Para comemorar os gols da Copa do Mundo sem preocupação, é possível preparar com antecedência um ambiente acolhedor para seu pet. Para promover uma maior sensação de proteção, caixas de transporte, tocas e casinhas são boas opções.

Entretanto, isso não significa que isolar o animal seja a melhor opção. A médica veterinária e professora de Medicina Veterinária do Centro Universitário de Brasília (CEUB), Rafaela Barbosa, explica que o recomendado é dar ao animal acesso a um ambiente familiar e seguro, e que seja possível se esconder, caso ele sinta a necessidade. Ela também compartilha que a presença de uma pessoa a quem o animal confie, pode trazer maior segurança e conforto nesse momento de estresse.
Outra dica valiosa é mascarar ruídos externos com sons ambientes.
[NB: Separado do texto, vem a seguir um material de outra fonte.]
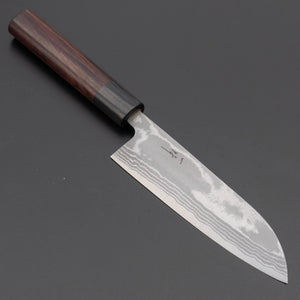 Hitohira GR Blue #2 Damascus Santoku 135mm Wood Handle - Tetogi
Sons como uma televisão ligada e até mesmo o ruído branco podem colaborar, mas é importante manter-se atento para que isso não aumente ainda mais os estímulos, é recomendado que o animal já tenha sido acostumado com esses sons anteriormente.
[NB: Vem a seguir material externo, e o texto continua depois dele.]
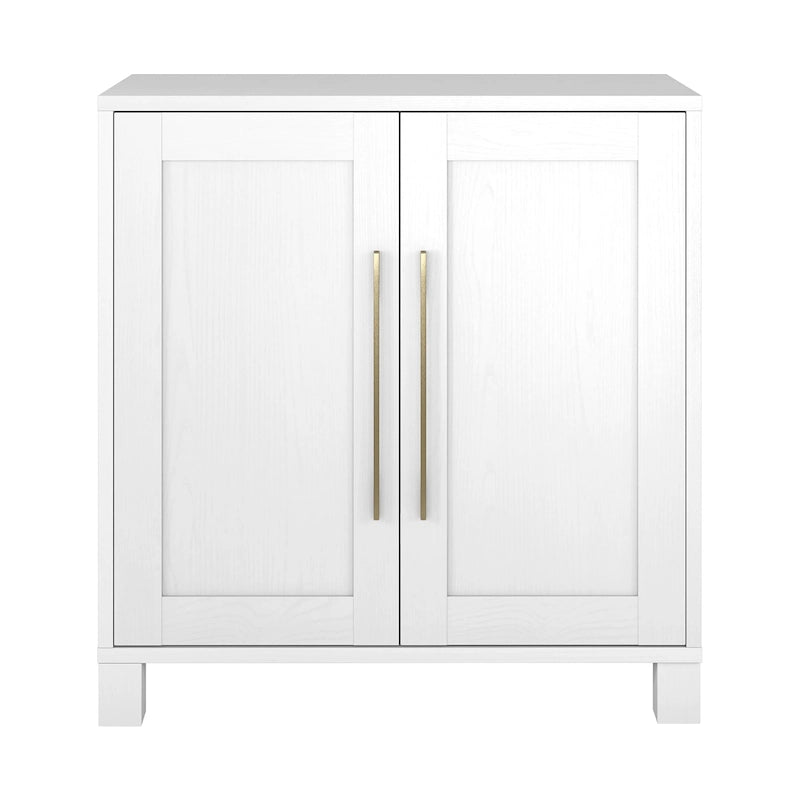 Meuble de rangement d'appoint à 2 portes avec étagère réglable – Blanc / Chêne gris antique / Grain noir / Aulne blanc, style moderne, simple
A famosa técnica de colocar algodão no ouvido do pet pode ajudar, mas não é uma garantia que haja a eliminação total dos ruídos, podendo em alguns casos, causar ainda mais desconforto ao animal.
Também não é recomendado medicar o pet com calmantes ou remédios naturais sem a prescrição veterinária. O uso incorreto de medicamentos pode causar efeitos diversos, o ideal é buscar orientação a um profissional antes de medicar o animal.
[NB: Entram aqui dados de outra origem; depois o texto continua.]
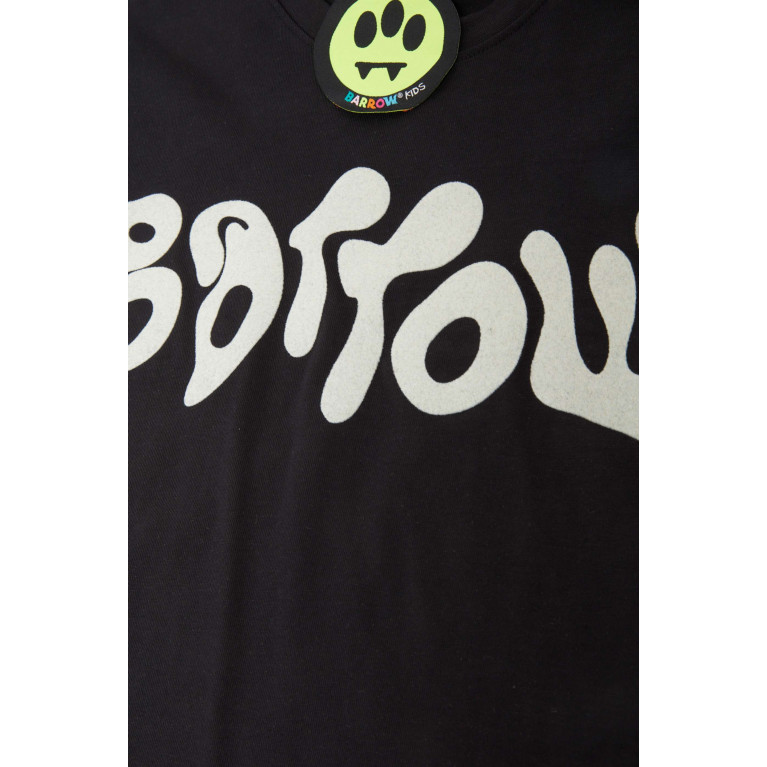 Barrow - Graphic Logo-print T-shirt in Cotton Jersey Black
Outro mito muito comum é que gatos sofrem menos do que cães. Enquanto os cachorros tendem a latir e uivar, tremer e procurar por seus tutores, os gatos demonstram o estresse de outra forma: se escondendo, comendo menos e retraindo-se.
A veterinária explica que o ideal é estar ao lado do pet e buscar promover um ambiente acolhedor para o momento de estresse. “Nem sempre é possível evitar completamente os ruídos, mas podemos minimizar seus efeitos. O mais importante é respeitar os sinais de medo, oferecer acolhimento e buscar orientação profissional quando necessário”, explica.